Même 20 ans plus tard, avec des analyses lucides et factuelles facilement accessibles sur des dizaines de guerres « contre le terrorisme », l’Organisation Nationale pour les Femmes ainsi que des groupes et individus qui s’occupent des mêmes questions, contribuent à faire adopter par le Congrès américain la conscription obligatoire des femmes, sous prétexte que c’est un droit féministe d’être traitées sur un pied d’égalité quand il s’agit d’être forcés, contre sa volonté, à tuer et à mourir pour la femme PDG de Lockheed Martin (1).
Le nouveau livre de Rafia Zakaria, Against White Feminism [contre le féminisme blanc], critique le féminisme occidental dominant, passé et présent, non seulement pour son racisme, mais aussi pour sa discrimination de classe sociale, son militarisme, son exceptionnalisme et sa xénophobie. Tout discours, politique ou autre, aura tendance à être teinté de racisme dans une société ravagée par le racisme.
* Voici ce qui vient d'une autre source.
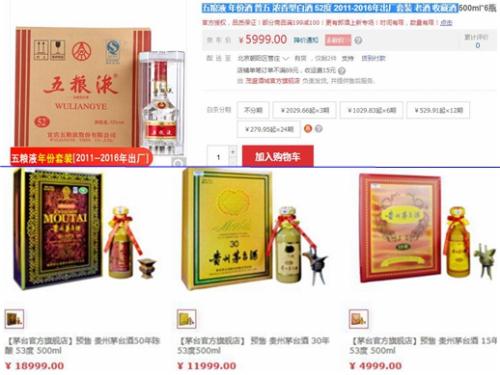 天下彩948，旺角之谜与数字游戏的诱惑天下彩9944cc旺角彩一最新版本更新内容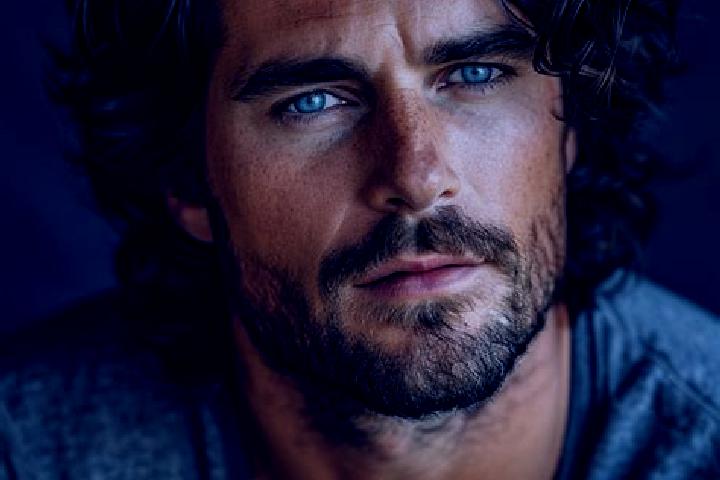 Riley, 34, a chestnut grey-eyed caribbean companion based in Akodo. Offering Deep French Kissing, A-Level, Prostate Massage. Available for incall and outcall...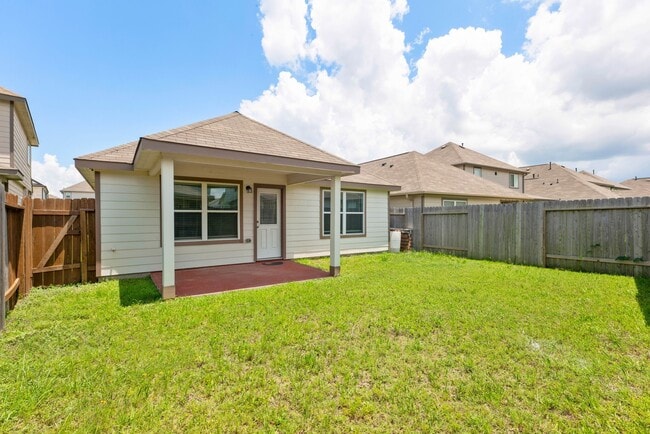 Building Photo - 17555 Greystanes Rd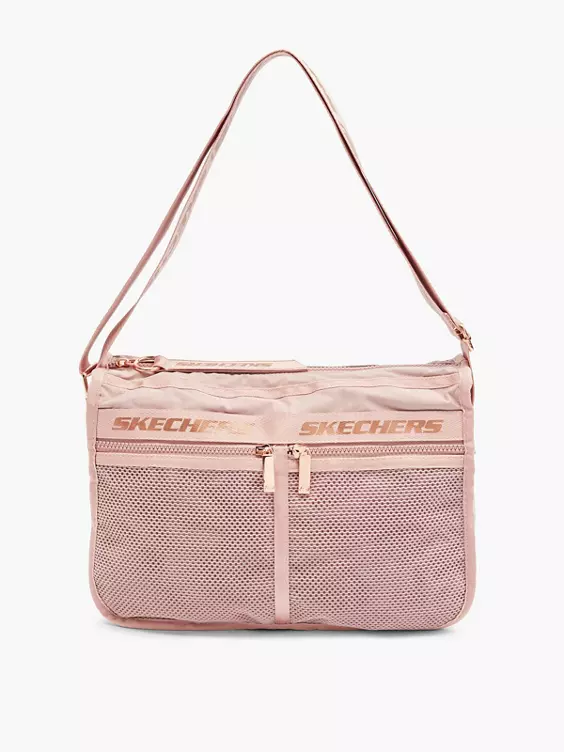 Skechers Umhängetasche 3 Skechers Umhängetasche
Mais Zakaria nous montre comment les gains censés être féministes ont parfois été obtenus directement aux dépens des personnes non « blanches ». Lorsque la Grande-Bretagne avait un empire, certaines femmes britanniques pouvaient trouver de nouvelles libertés en voyageant hors de leur pays et en aidant à soumettre les peuples originaires. Quand les États-Unis se sont dotés d’un empire, il est devenu possible pour les femmes d’acquérir de nouveaux pouvoirs, du respect et du prestige en agissant pour cet empire.
Zakaria raconte que dans le film hollywoodien Zero Dark Thirty soutenu par la CIA, la protagoniste féminine (basée sur une personne réelle) gagne le respect des autres personnages, les applaudissements du public dans le cinéma où Zakaria a regardé le film, et plus tard un Oscar de la meilleure actrice, en se montrant plus sadique que les hommes lorsqu’elle manifeste son empressement à torturer. « Si les féministes américaines blanches des années 1960 et de l’ère du Vietnam plaidaient pour mettre fin à la guerre », écrit Zakaria, « les nouvelles féministes américaines du début du vingt-et-unième siècle étaient très favofables à la participation à la guerre aux côtés des garçons ».
Le livre de Zakaria s’ouvre sur un récit autobiographique d’une scène dans un bar à vin, avec des féministes blanches (ou du moins des femmes blanches que Zakaria soupçonne fortement d’être des féministes blanches c’est-à-dire non seulement des féministes qui sont blanches, mais des féministes qui privilégient les points de vue des femmes blanches et peut-être des gouvernements occidentaux ou au moins des militaires). Ces femmes interrogent Zakaria sur son passé, et elle refuse de répondre par des explications qui, d’après son expérience, ne seront pas bien accueillies.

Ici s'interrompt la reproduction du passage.